- **Input data**
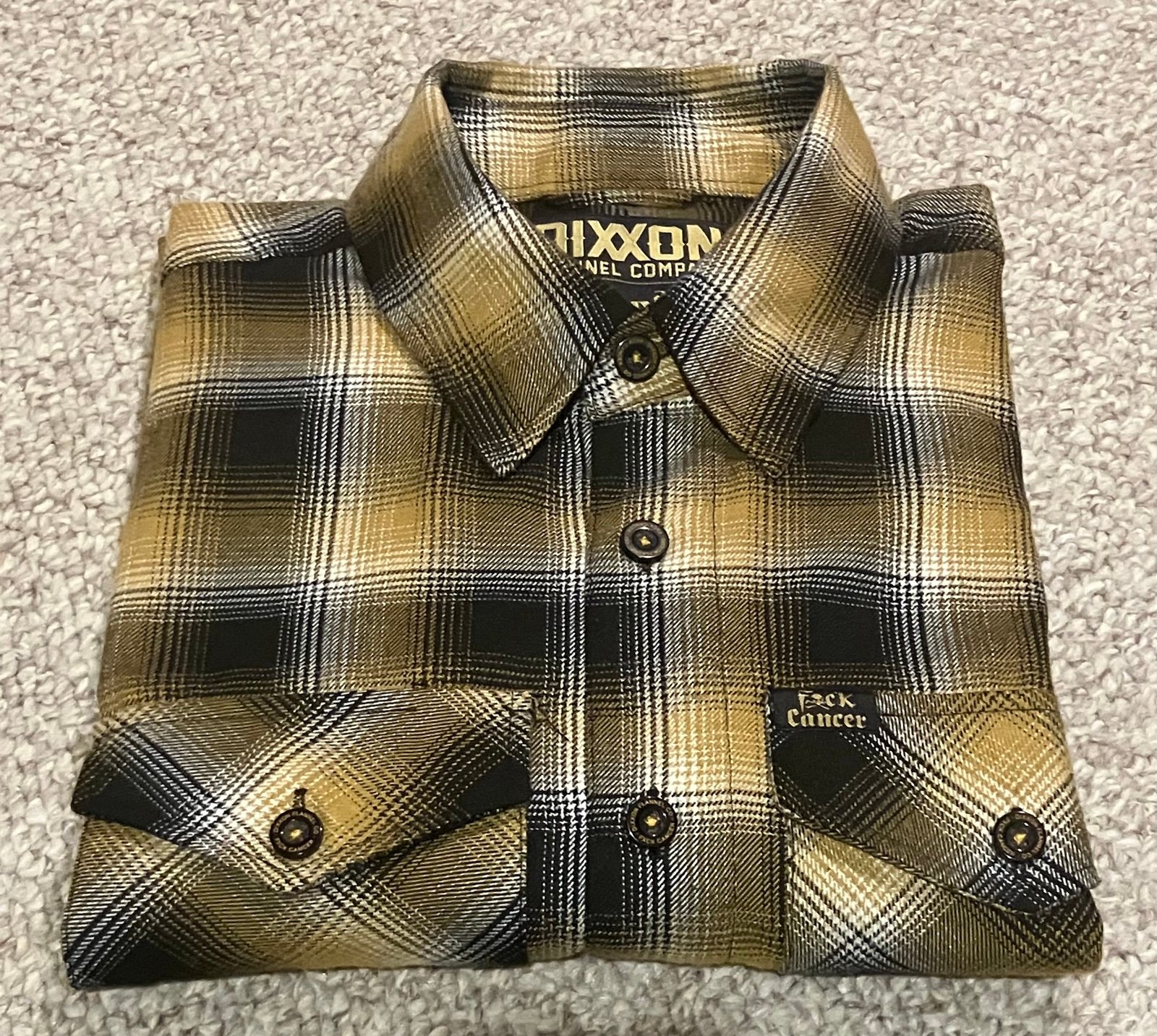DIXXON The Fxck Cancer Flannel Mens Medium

--

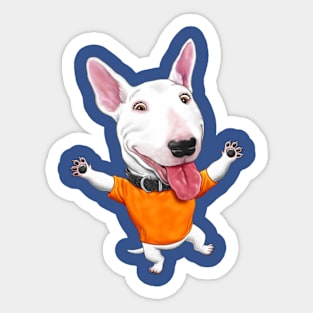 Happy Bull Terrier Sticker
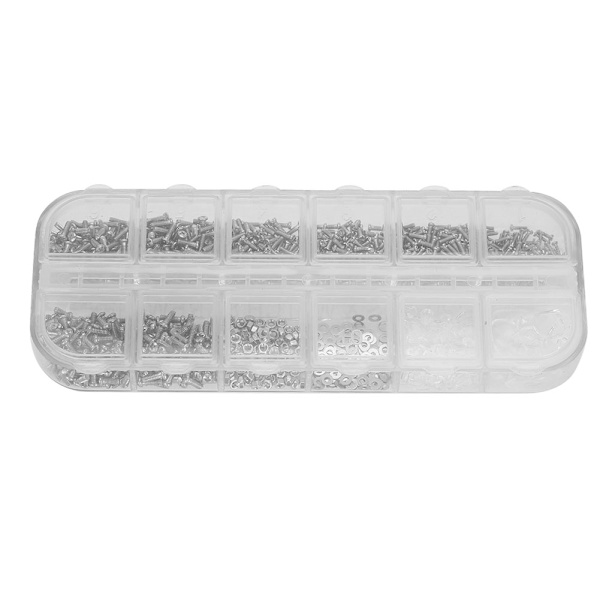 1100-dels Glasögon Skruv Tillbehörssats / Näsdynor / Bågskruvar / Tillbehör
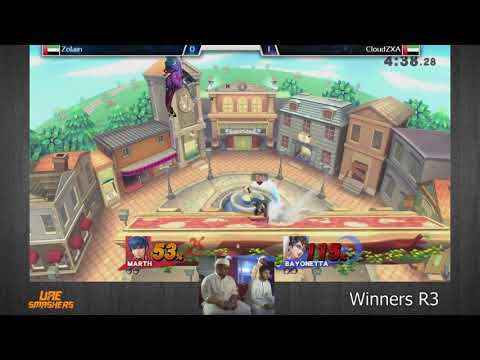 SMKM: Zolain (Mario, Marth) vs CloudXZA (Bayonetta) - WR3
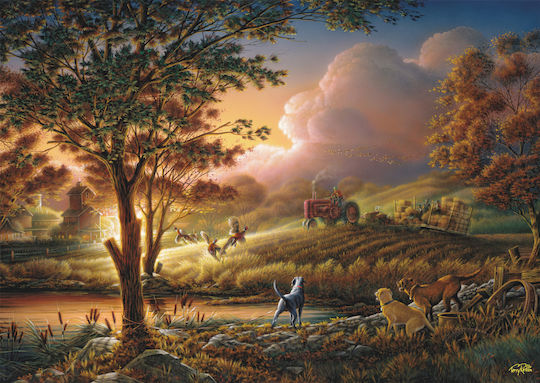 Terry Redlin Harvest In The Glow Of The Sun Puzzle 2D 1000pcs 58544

- **What to produce**
Reproduce word for word, with pictures dropped, only the part of the material above that opens with the line containing "Happy Bull Terrier Sticker" and closes with the line containing "Terry Redlin Harvest".

- **Output of the exercise**
 Happy Bull Terrier Sticker
 1100-dels Glasögon Skruv Tillbehörssats / Näsdynor / Bågskruvar / Tillbehör
 SMKM: Zolain (Mario, Marth) vs CloudXZA (Bayonetta) - WR3
 Terry Redlin Harvest In The Glow Of The Sun Puzzle 2D 1000pcs 58544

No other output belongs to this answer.